This series of murals by Mónica Bengoa invites us to an experience in which thought and the senses are conjugated in a fascinating, and at the same time demanding way, as its title already tells us, in a bilingual format which confronts us first with the strangeness of the German language text and then to its translation, of a didactic sequence which seems far removed from the field of art. The word Beobachtungen, which can also be translated as observations, condenses in its meaning what these works carry out and what they ask us to do with them: considering them, alertly examine them (in German, Achtung means “Attention!” or “Watch out”), with the fascination of a child that discovers the world in the pages of a book or in the circumspect space of a garden, with the rigor of the scientist examining an object under his microscope.

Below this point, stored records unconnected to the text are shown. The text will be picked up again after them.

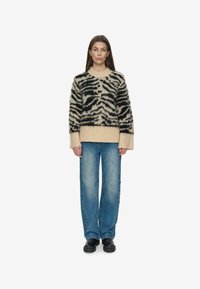 Sort og beige fuzzy sweater med tigerstriber, rund hals og brede manchetter, parret med blå løstsiddende jeans og sort fodtøj.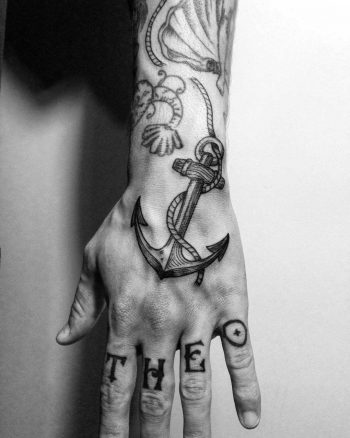 Black and grey anchor tattoo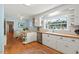 Well-lit kitchen with dining area, butcher block counters, white cabinets, and hardwood floors at 122 W Woodridge Dr, Durham, NC 27707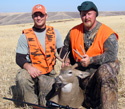 Photo of two hunters wearing hunter orange with recently harvested deer. Rifle with scope in the foreground.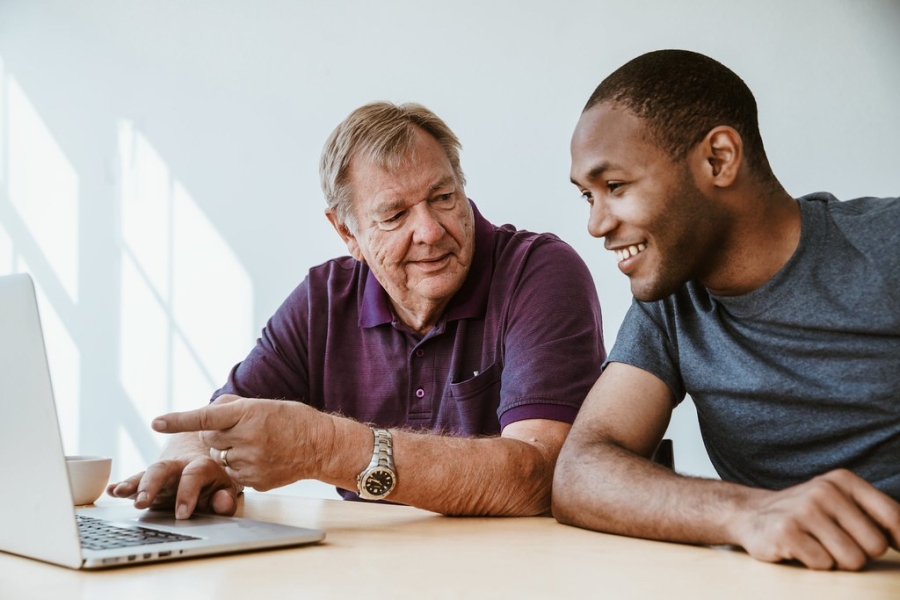 A man with a younger man looking at a laptop and smiling.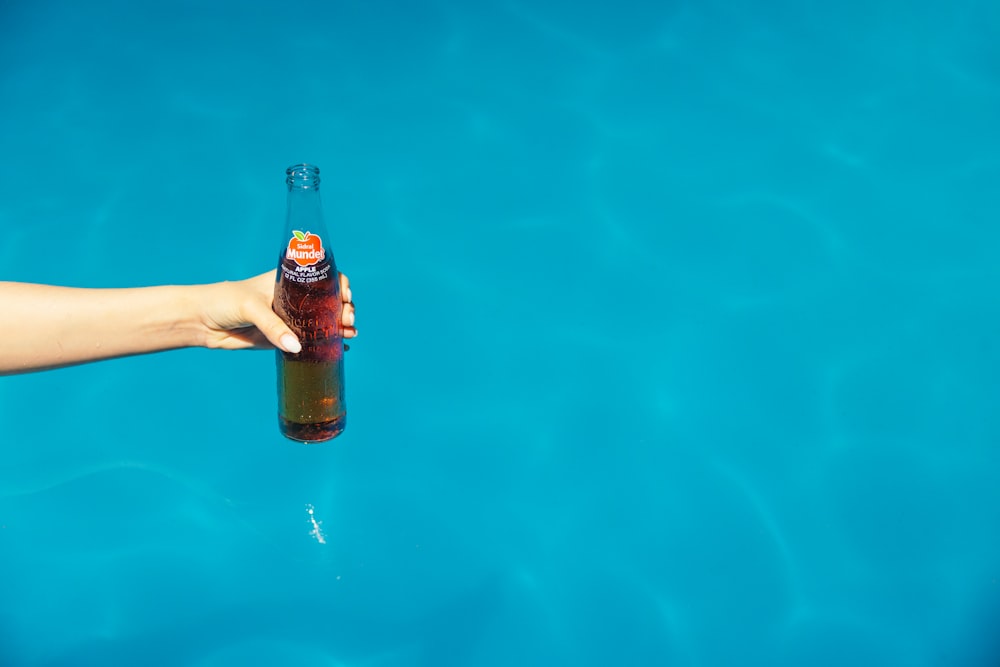 une personne tenant une bouteille de bière dans l’eau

When contemplating them we cannot but think in her laborious production process, in the time and mastery it took to make them, together with enjoying their sensuality on a color, materials and shape level, dazzling us with the chromatic combinations, the texture of the felt and the arabesques of the fretwork. To look over these murals is also relating with its enormous scale and the way in which it exceeds, envelops our bodies at the same time it allows us to come closer to the draft of every outline and to their relations with the other layers of which these works are composed of. As we circulate the exhibition, stopping on each work, stepping back to try to understand the whole or submerging ourselves in its details, we can pay making an effort to perceive the tension between the photographic image of which they originate, the objects and places to which they remit, and the transformations to which the artist submits them, in one’s succinct shaded outline, or in the dense differences of depth of others’.
Apart of this visual and delicately crafted complexity, meticulous, demanded by her, these works ask us a series of questions as we observe or evoke them. They are works that explore the ways in which we perceive and understand the world around us, in which what is handcraft and what is technical convey and complement each other in an exemplary fashion in a time in which their coexistence is often conflictive. Through an utterly personal prism, they dialogue with scientific knowledge, education, childhood, the word and languages (German in particular, in this case) with writing and its supports, with the fascinating world of plants and insects, and with matter, felt, which in this case covers the museum walls in the manner of a second skin, as the map of a territory in which we may get lost and find ourselves again, without haste. Without haste.